What needs to be done – Print the whole listing exactly as it appears, but skip the pictures.

Dataset section –
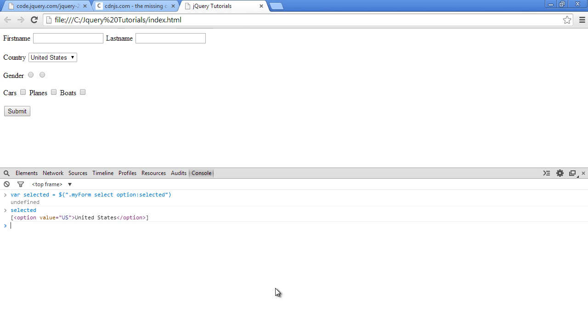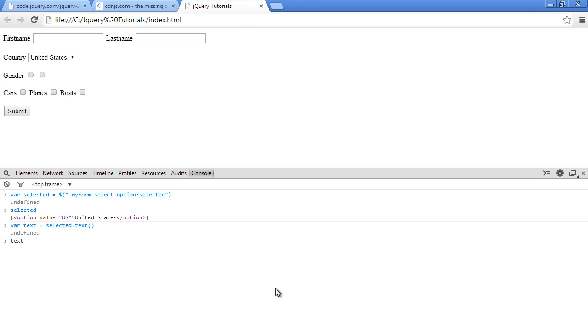That's very simple. And if you watch my text selector video previously, you will see that we can use the text method to do that. So we'll say text equals selected.text(). Okay, so now when I press enter and I check what's in text, it should give us United States.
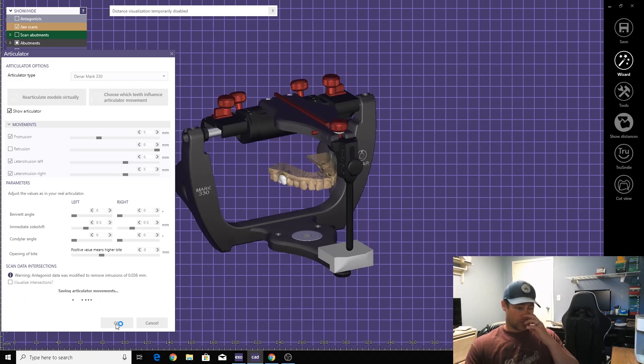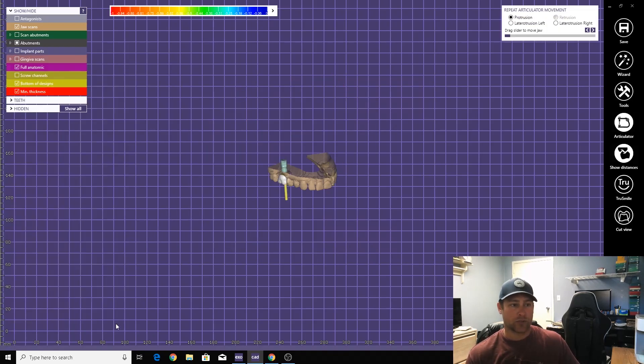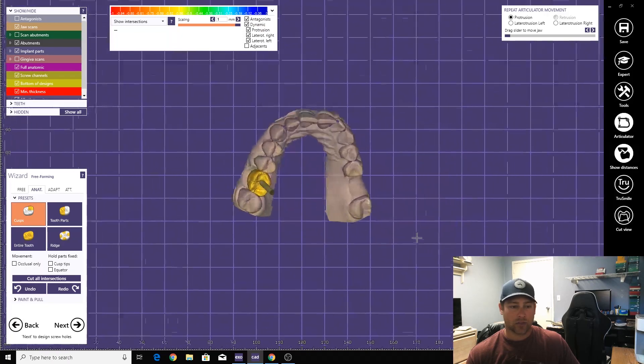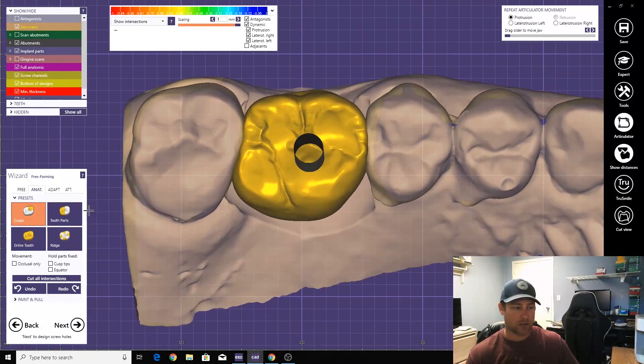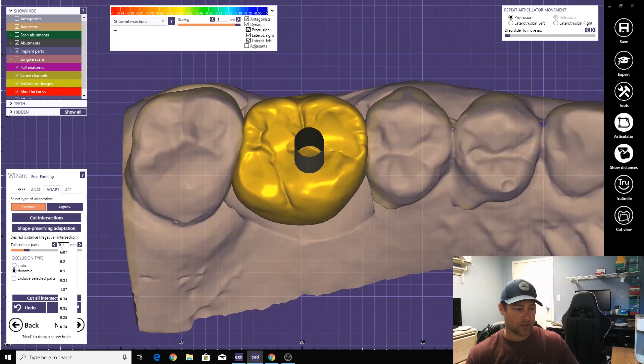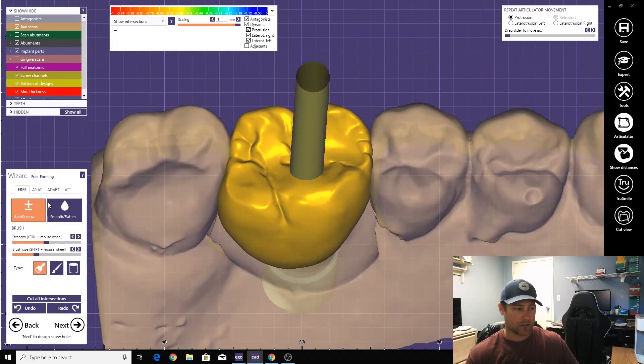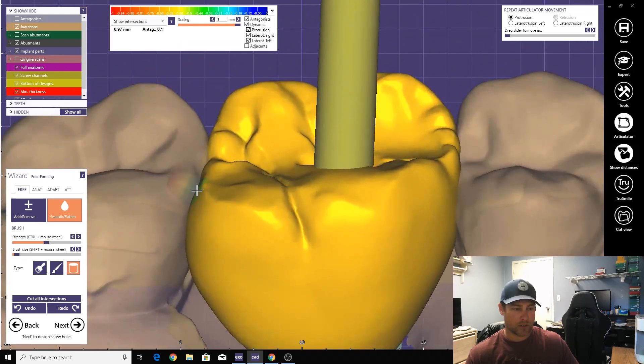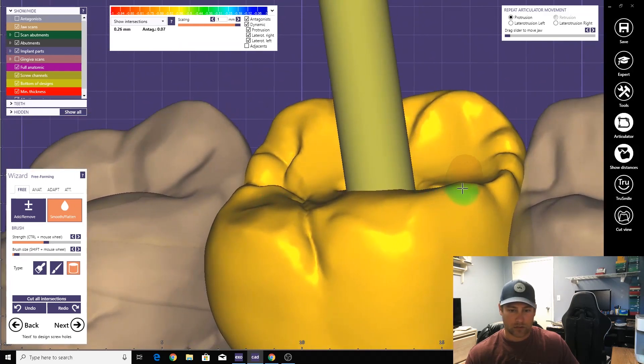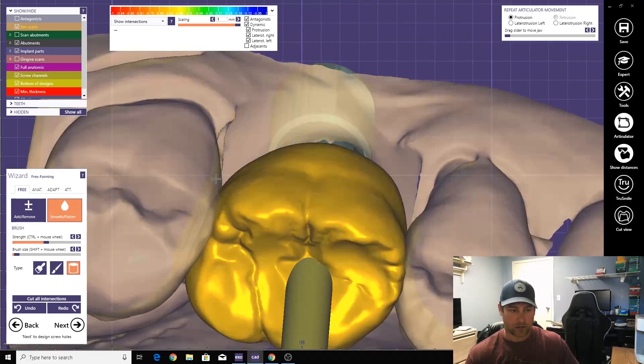This is where the new cutter tool using Medit really is handy, especially on these screw-retained cases. I'll show you here in a second. Let's drop this down. All right, let's do sharp angles. Cut these out. Okay, cut down. Okay.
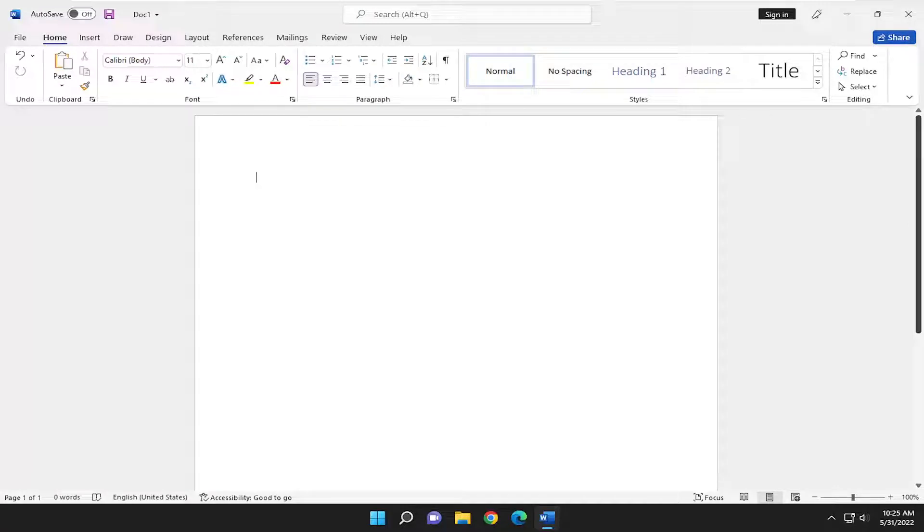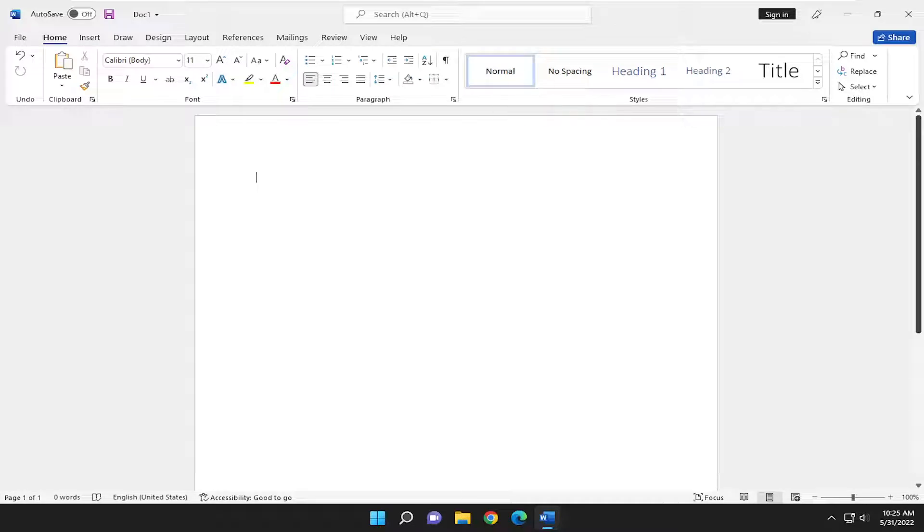In today's tutorial, I'm going to show you how to access and use the Microsoft Word compatibility checker to check compatibility with prior versions of Word as well as different file formats that may have been used to open up Word documents in the past.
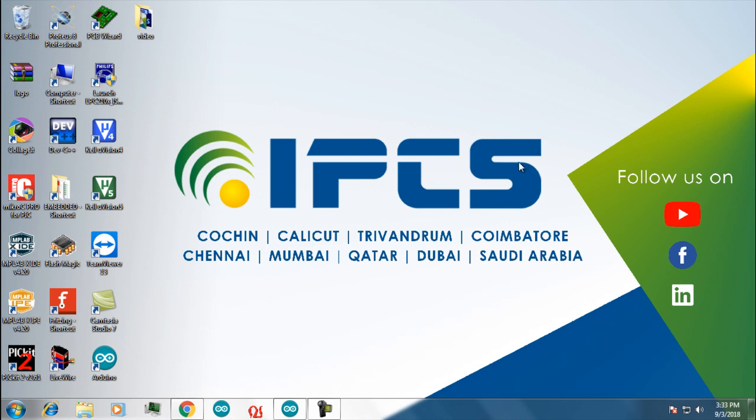Hi guys, welcome to another tutorial video from IPCS Automations. In this tutorial we are going to look at how to make an IoT device using tinker.io IoT platform.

Output below –
That's very simple. And if you watch my text selector video previously, you will see that we can use the text method to do that. So we'll say text equals selected.text(). Okay, so now when I press enter and I check what's in text, it should give us United States.
This is where the new cutter tool using Medit really is handy, especially on these screw-retained cases. I'll show you here in a second. Let's drop this down. All right, let's do sharp angles. Cut these out. Okay, cut down. Okay.
In today's tutorial, I'm going to show you how to access and use the Microsoft Word compatibility checker to check compatibility with prior versions of Word as well as different file formats that may have been used to open up Word documents in the past.
Hi guys, welcome to another tutorial video from IPCS Automations. In this tutorial we are going to look at how to make an IoT device using tinker.io IoT platform.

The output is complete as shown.